WORK TASK
A word-for-word copy of the lines below, starting at the line with "Kinh doanh đơn" and ending at the last one, is what you should give. Omit every picture.

Scraped caption text data:
____

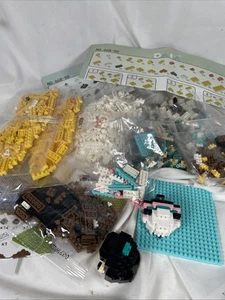 Daiso Petit Block Mini Blocks Building Bags In Package Sealed Lot Of 10 - Picture 1 of 17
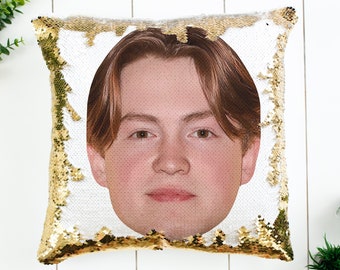 Kit Connor Sequin Pillow | Home Decor | Pillow Case & Filling | Magic Pillow | Decorative Funny Gift Idea For Heartstopper Fans Nick Nelson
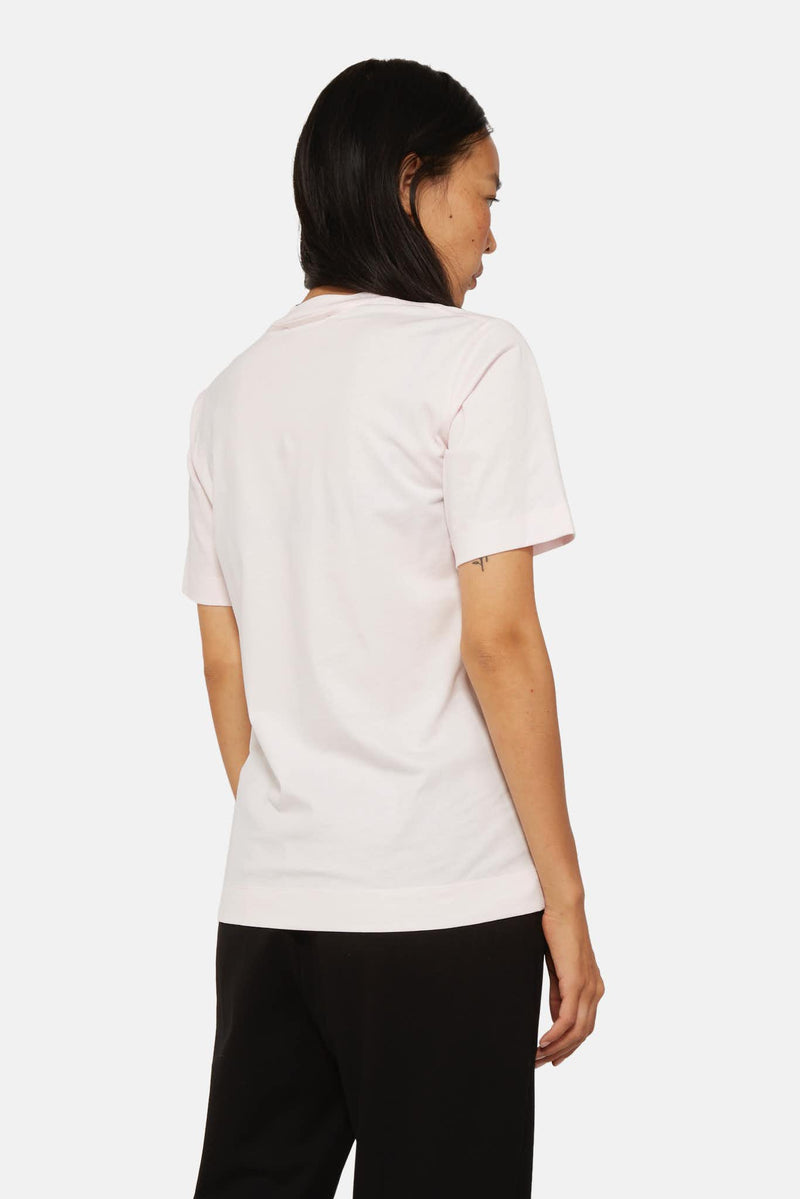 T-shirt à col orné rose Simone Rocha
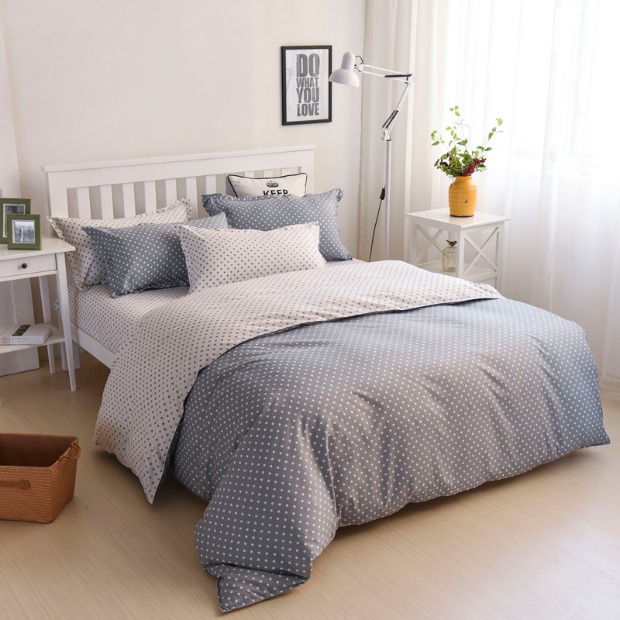 Kinh doanh đơn giản và đơn giản bốn bộ của ký túc xá căn hộ khăn trải giường có thể được tùy chỉnh giường bộ ga trải giường everon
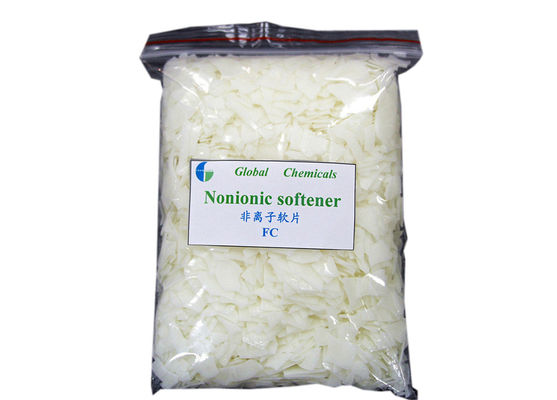 Anti-statik Hydrophilic Nononionic Softener Flakes Untuk Dyeing House SGS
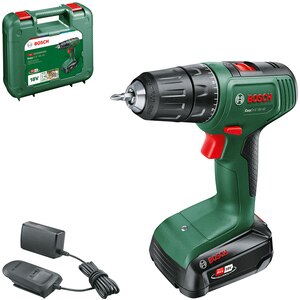 Masina de gaurit si insurubat (bormasina) BOSCH EasyDrill 18V-40, 1630rpm, mandrina Rapida, 32nm, 2Ah Masina de gaurit si insurubat (bormasina) BOSCH EasyDrill 18V-40, 1630rpm, mandrina Rapida, 32nm, 2Ah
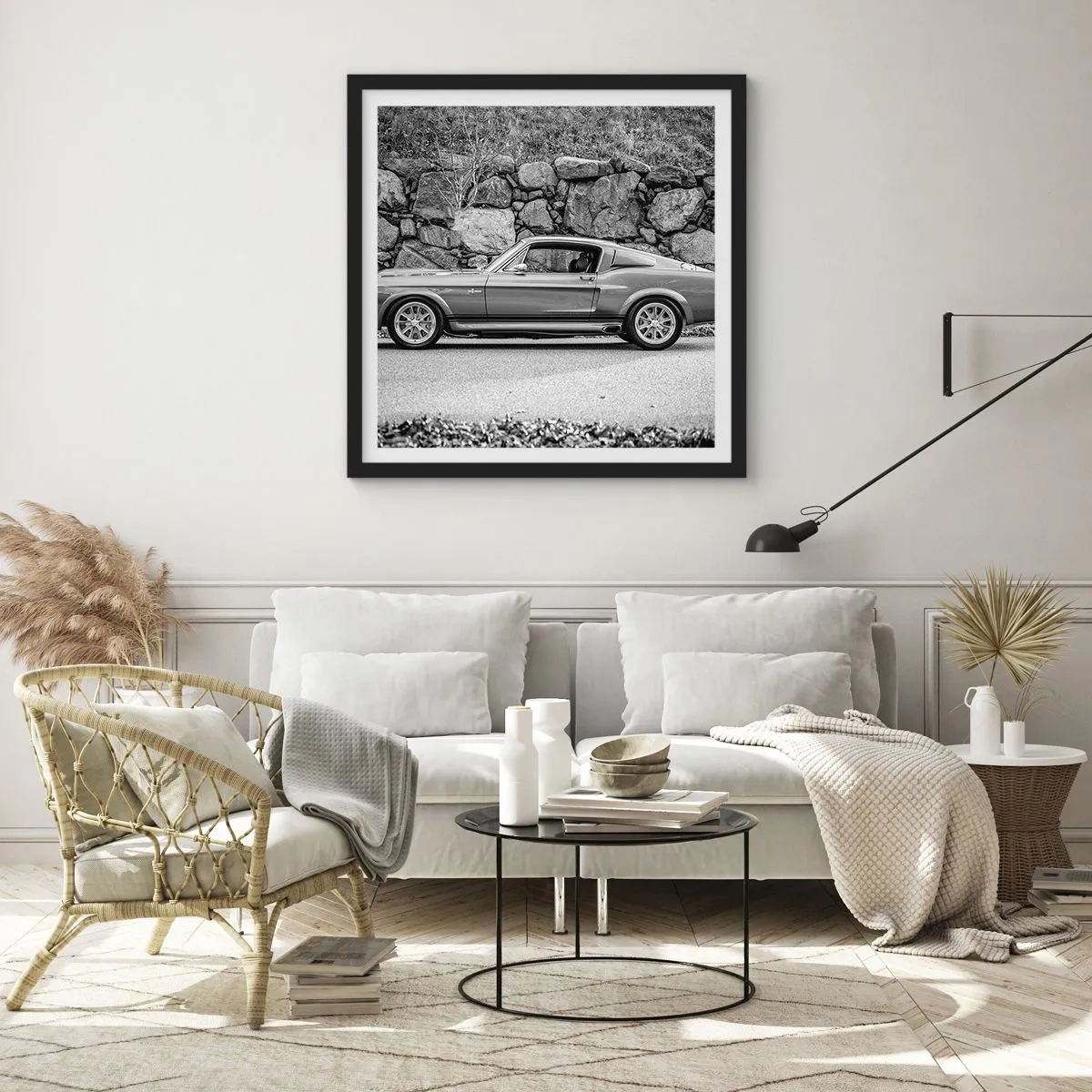 Poszter fehér keretben - A 60-as évek legendája - 40x40 cm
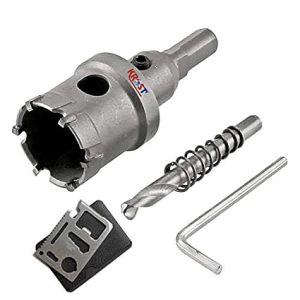 Krost Tungsten Carbide Tipped Holesaw,TCT Holesaw For Metal,Wood & Other Applications With Pocket Multitool (TCT Holesaw 18mm)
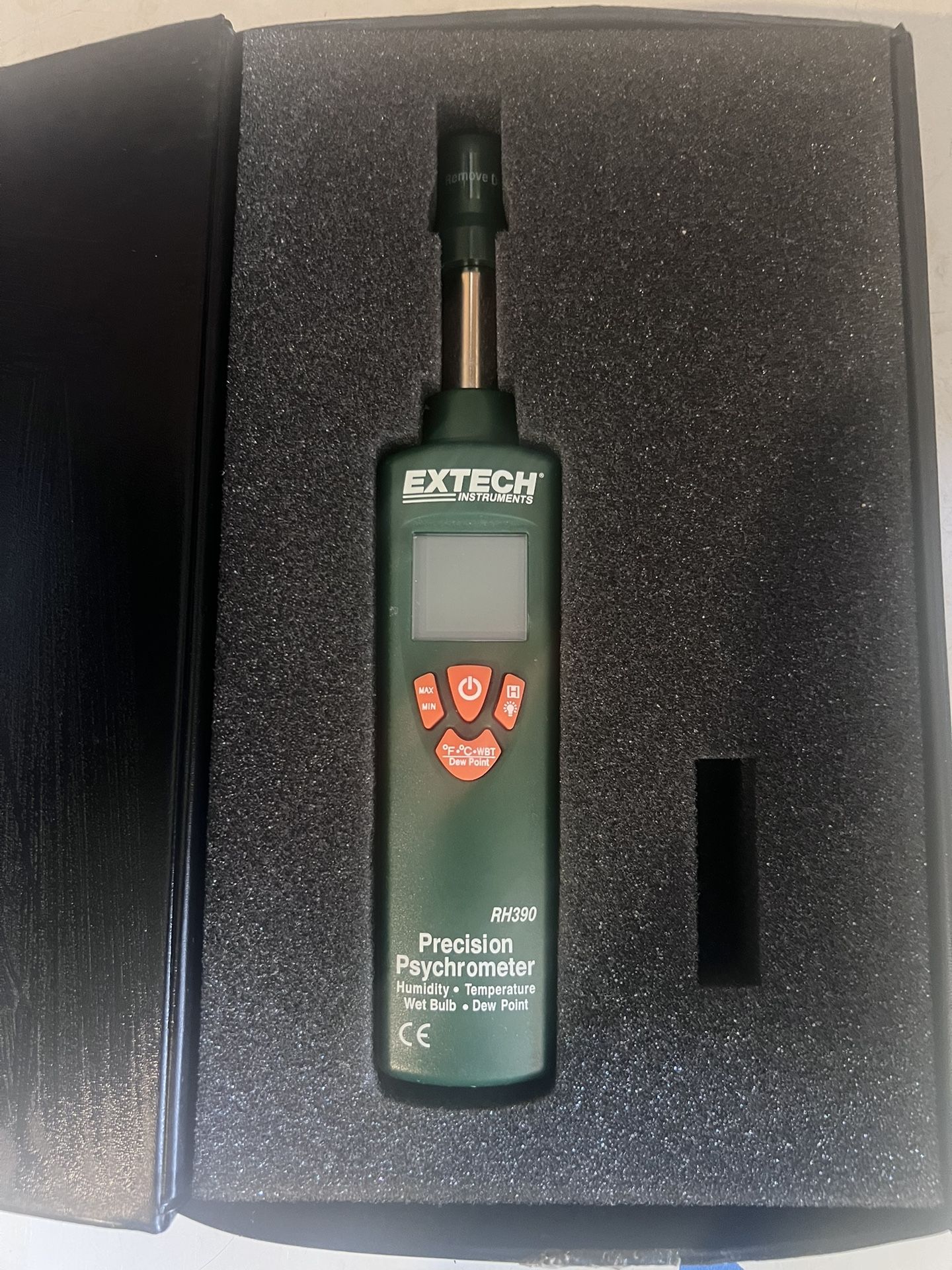 Extech RH390: Precision Dual Display Hygro Thermometer Psychrometer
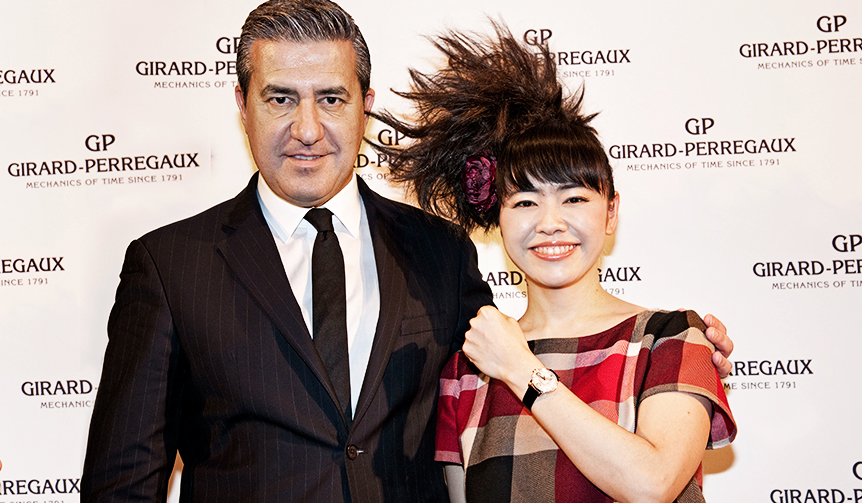 ピアニスト上原ひろみ氏がフランソワ・ペルゴ アワードを受賞｜GIRARD-PERREGAUX ギャラリー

____

REPLY
 Kinh doanh đơn giản và đơn giản bốn bộ của ký túc xá căn hộ khăn trải giường có thể được tùy chỉnh giường bộ ga trải giường everon
 Anti-statik Hydrophilic Nononionic Softener Flakes Untuk Dyeing House SGS
 Masina de gaurit si insurubat (bormasina) BOSCH EasyDrill 18V-40, 1630rpm, mandrina Rapida, 32nm, 2Ah Masina de gaurit si insurubat (bormasina) BOSCH EasyDrill 18V-40, 1630rpm, mandrina Rapida, 32nm, 2Ah
 Poszter fehér keretben - A 60-as évek legendája - 40x40 cm
 Krost Tungsten Carbide Tipped Holesaw,TCT Holesaw For Metal,Wood & Other Applications With Pocket Multitool (TCT Holesaw 18mm)
 Extech RH390: Precision Dual Display Hygro Thermometer Psychrometer
 ピアニスト上原ひろみ氏がフランソワ・ペルゴ アワードを受賞｜GIRARD-PERREGAUX ギャラリー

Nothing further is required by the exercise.